Abdur Rahman, who does a job in Dhaka city, also runs his agricultural farms in his village in Durgapur of Rajshahi with his kin and hired farm-workers, appeared upbeat about a change of fortunes-from weal and woe to wellbeing. Like him, farmers and farm-owners started growing crops in fields and culturing fish in ponds and even ditches.
People are playing their part. The government has a role, too. And it is prime time the government played it. A recent disclosure by Fisheries and Livestock Minister Mohammed Sayedul Haque that Bangladesh has booked 4th position in the world in production of freshwater fishes comes as a fresh stimulus for a much greater attention to this sector. The minister also apprised the press that the annual output of freshwater fish had risen from around 27.01MT in 2008-9 to 35.48MT, worth some Tk 530 billion or 53,000 crore, in 2013-14.
This position in the global rating, however, comes from the utilisation of a fraction of the potential Bangladesh holds. Much of the newly-designated 'blue economy' in the Bay, following the establishment of Bangladesh's absolute ownership on its territorial waters by international arbitration, consists in the marine fisheries. Little has so far been discovered, developed and harnessed in this sector.                      

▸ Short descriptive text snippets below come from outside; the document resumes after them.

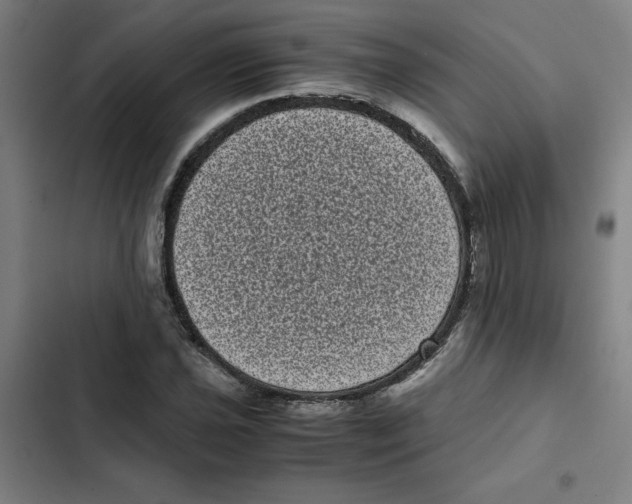 X0000102341021200808291132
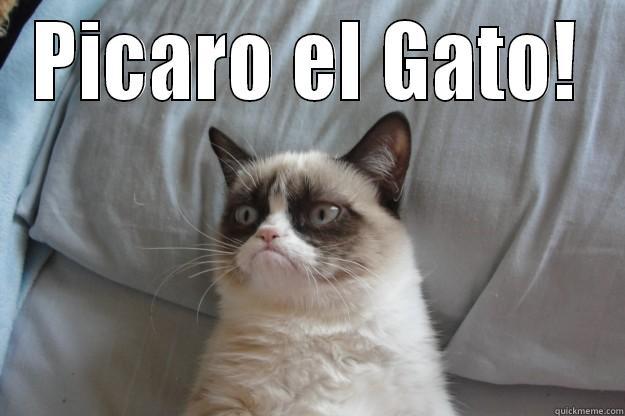 PICARO EL GATO!  Grumpy Cat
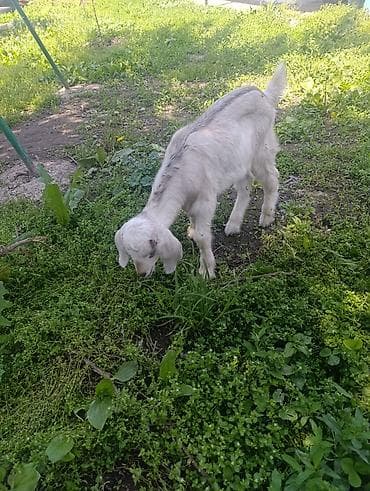 Продам с/х животных: Продаю | Козлёнок | Полукровка | Для разведения | Племенные, Котные, Осеменитель — 2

Again, look back to the freshwater front. There are numerous beels and canals in the country which are regulated with sluice-gates. All are suitable for seasonal open-water fish farming, until floodwater recedes to the extent where crop cultivation could resume. Many suggest there should be specific government programmes for aiding and involving people in massive short-course fish-farming festivals in those fertile sources.
A 'silver revolution' would you call it? Nothing is utopian nor is it a wishful thinking of any fecund mind. It must be pragmatic and practical. A useful prop to such proposition comes from the return of the national fish, hilsa, into its once-favourite sanctuary with the benediction of abundant monsoon rain.                                                                                          

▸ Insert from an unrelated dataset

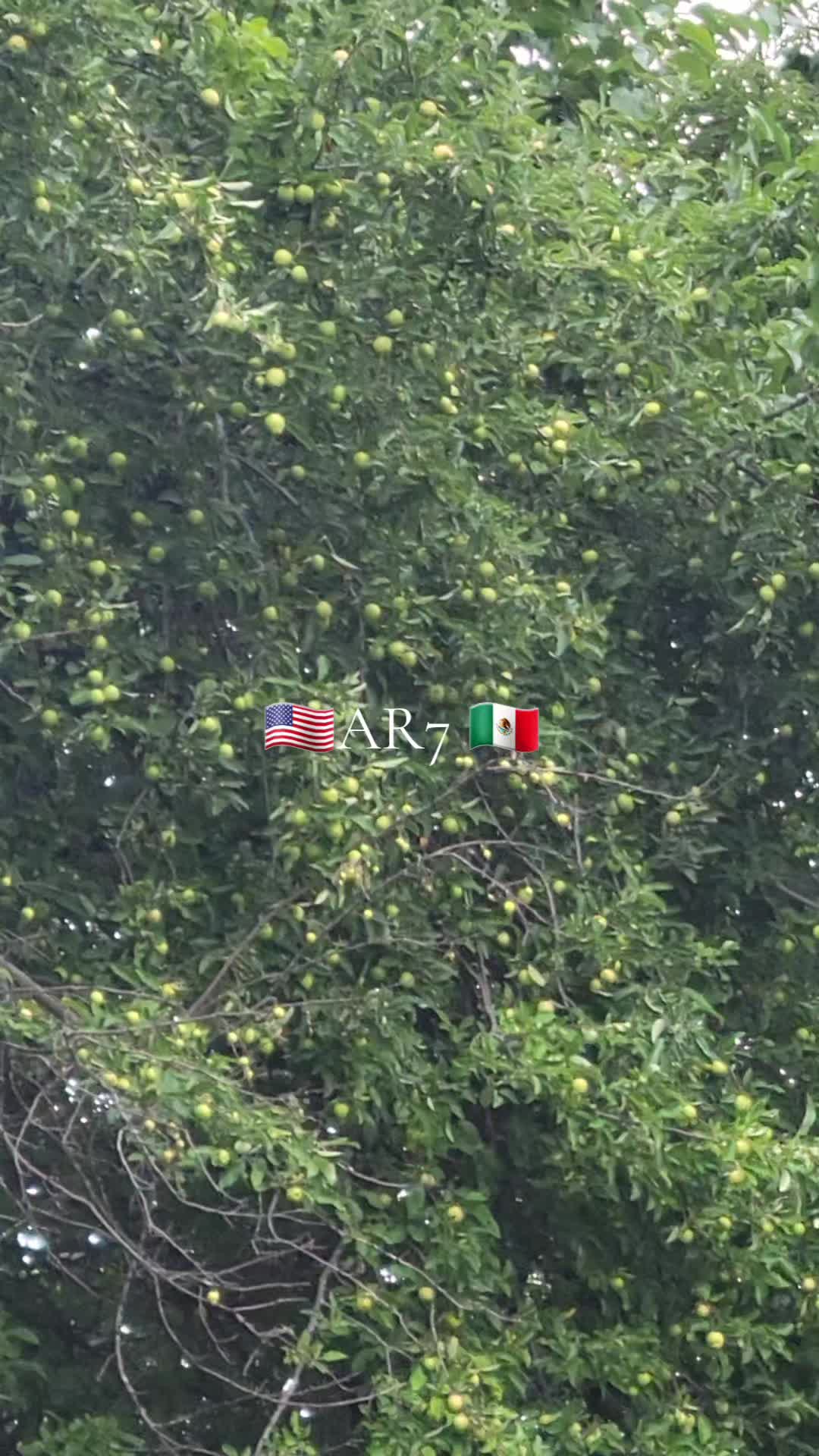 @ABEL ROSAS. AR7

But the deepwater fish, which lives and enjoys frolicking in the vast turbulent seawater in the Bay of Bengal, would naturally choose to pull back when floodwater recedes and the sunken sands surface to turn the vast expanse of the Padma waters into shallow, narrow streams once again. Now is the prime time the authorities acted to retain the finned immigrants.
What are the dos? Ban on fishing during spawning and aid to fishermen can play a small part. But what holds the key is to find a holistic remedy--that is, restoration of normal flow of the Padma. In the present perspective, the most pragmatic way is to go for capital dredging. That's of course a gigantic job. Bangladesh on its own can ill-afford to undertake it. The river is shared by India and there is no denying that its flow faces hindrance in the upper riparian country. So, they may be pursued for a joint re-excavation project.
Donor financing may be sought for such a work of high ecological importance in this age of growing environmental concerns.
In the latest development, India expressed interest in jointly building the much-talked-about Ganges barrage downstream the river, at Rajbari point. This barrage was planned long way back to offset the impact of the Farakka Barrage built over the Ganges (nomenclature change makes it Padma in Bangladesh part) on the Indian side.
This goodwill gesture could be extended further. To put the first thing first, the focus, for now, should be on protecting the sanctuary for the hilsa and other fishes. River dredging is an immediate need to retain the delicious fish in its natural habitat in the first place, before the dry season sets in. Restoring normal Ganges flow is also in the common interest of economy, waterway trade, people-to-people contact and climatic normalcy on both sides.